What sparked your interest in aviation?
From an early age aircraft fired my imagination, particularly military aircraft. I followed the traditional route at school by joining the Air Training Corps. I proved beyond all reasonable doubt that I was awful at marching, but had my first flight in a de Havilland Canada DHC-1 Chipmunk at 16 and enjoyed the experience enormously. Thereafter, post-university degree, I went on to join the Royal Air Force at the age of 22 and ultimately became a helicopter pilot. My initial aspiration was to fly fast jets. As a young man, I couldn’t imagine anything more exhilarating than flying at low-level at 450kt. During basic flying training at RAF Linton-on-Ouse, I was taught by a wonderful instructor on the BAC Jet Provost. I worked very hard, and my early flying training went very well. However, I found out halfway through the course that I was too tall to undertake advanced flying training in the Hawk. Thus I was offered a choice of multi-engine fixedwing, or helicopters; I chose the latter route. I recall being bitterly disappointed that I wasn’t going to be able to pursue my dream of flying fast jets. Yet, a major disappointment turned out to be one of the best things that ever happened to me. I went on to experience some wonderfully exhilarating flying in challenging environments, and had the privilege to meet some truly remarkable people along the way.
What have been the highlights of your career so far?
Undoubtedly some of my recollections from search and rescue and latterly special operations helicopter flying will always stay strong in my memory. I think the most precious memories are the ones where we managed to really make a difference and save someone’s life. We didn’t always manage that and as a husband and father it was always profoundly upsetting when we weren’t able to save someone, particularly when a child was involved. Mostly we were successful and the memories are positive and sometimes extremely amusing. I recall rescuing a father and daughter who had been cut off by the tide at the base of some extremely large cliffs; they would probably have drowned. We were called to rescue them by the wife/mother who was standing 200ft above them at the cliff top; she hadn’t joined them on their walk. We winched father and daughter to safety, and they were helped out of the helicopter. Happy days, or so I thought. As I took off, I looked out and expected to see the family hugging in relieved joy. What I actually saw was a furious wife kicking and hitting her husband, whilst their daughter looked on in bemusement. Ah well, we did our bit! The single biggest highlight has been the people that I have been privileged to meet and work with in both the military and in civvy street.

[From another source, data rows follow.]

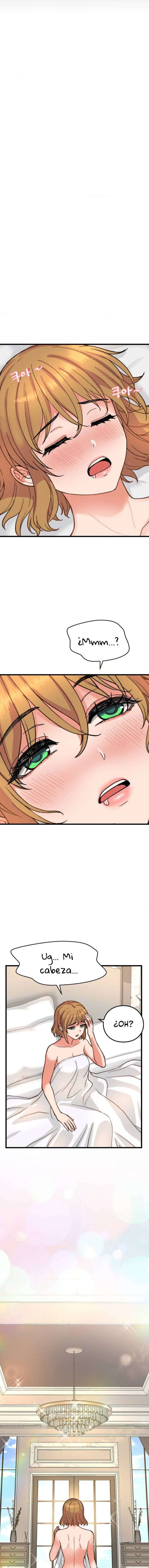 Soy Una Correa De Perro Para El CEO Capítulo 2 - Page 23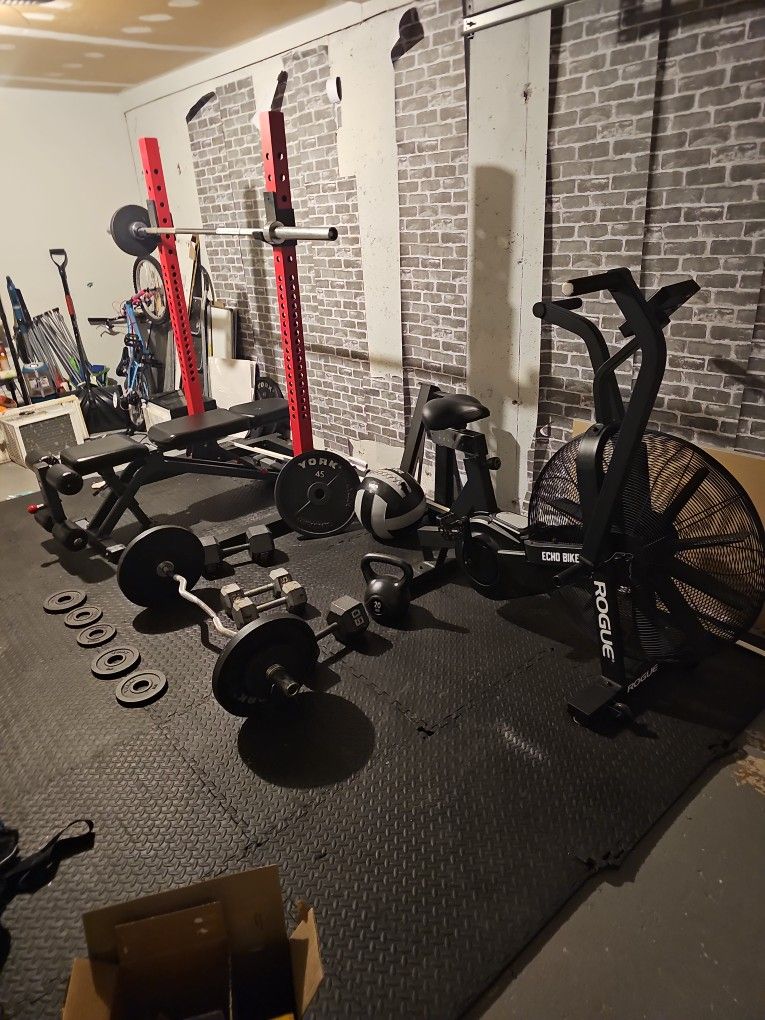 Home Gym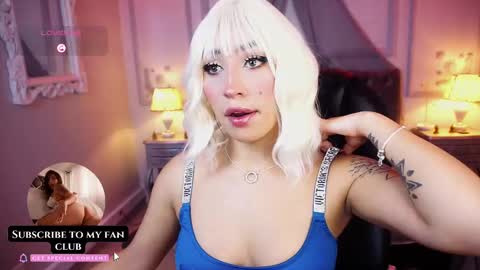 Snapshot of maggietime chatting on March 1, 2025, 8:31 pm online show from March 1, 2025, 8:31 pm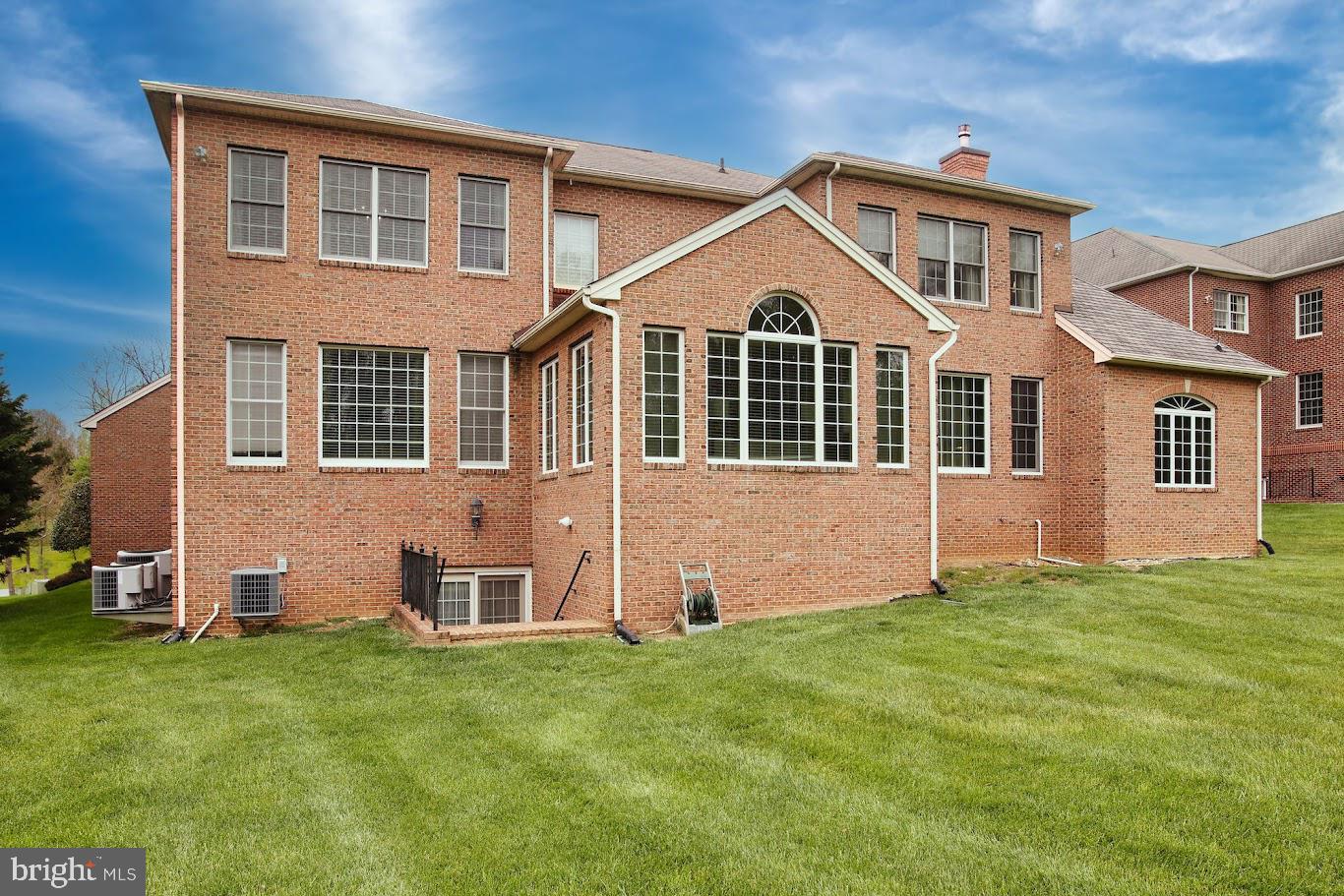 PATUXENT CHASE - Residential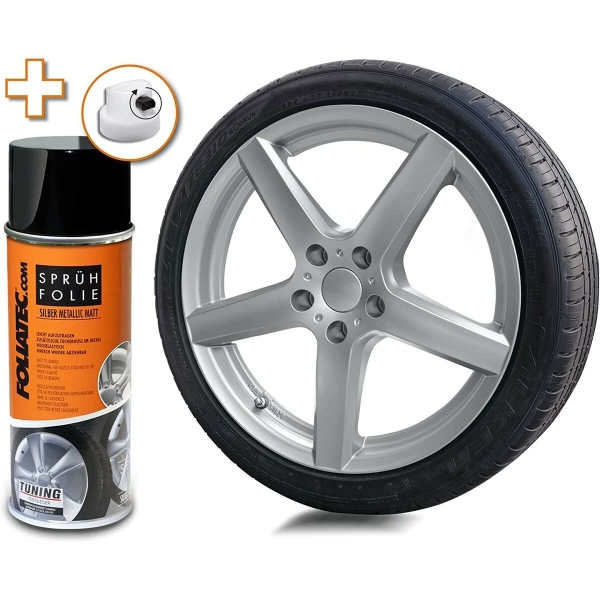 Liquid Rubber for Cars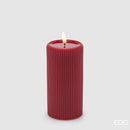 EDG Enzo De Gasperi | Candela a LED Lounge Moccolo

Tell us about your current role
As director of civil aviation (DCA) for the Isle of Man, I am leading and managing a large multi-disciplinary internationally-based team and am directly responsible for a multi-millionpound budget. The breadth and depth of the DCA role is very significant and includes, but is not limited to: leading, managing and appropriately growing the world’s sixth largest international private/corporate business aviation registry; regulating aviation, airspace and airport activity on behalf of the Manx government; and facilitating the growth of the increasingly successful Isle of Man aviation industry.
What do you enjoy most about your job?
People. Without strong, capable people in a great team we have nothing. I am very fortunate to work with a great group who I value very highly, both collectively and individually. Beyond that, I enjoy the variety of the role. It is rare to know for certain what I will be dealing with on a daily basis.
What is your biggest challenge?
Time. I made the schoolboy error of believing that when I became DCA I would have greater control over my calendar. Another lesson learned!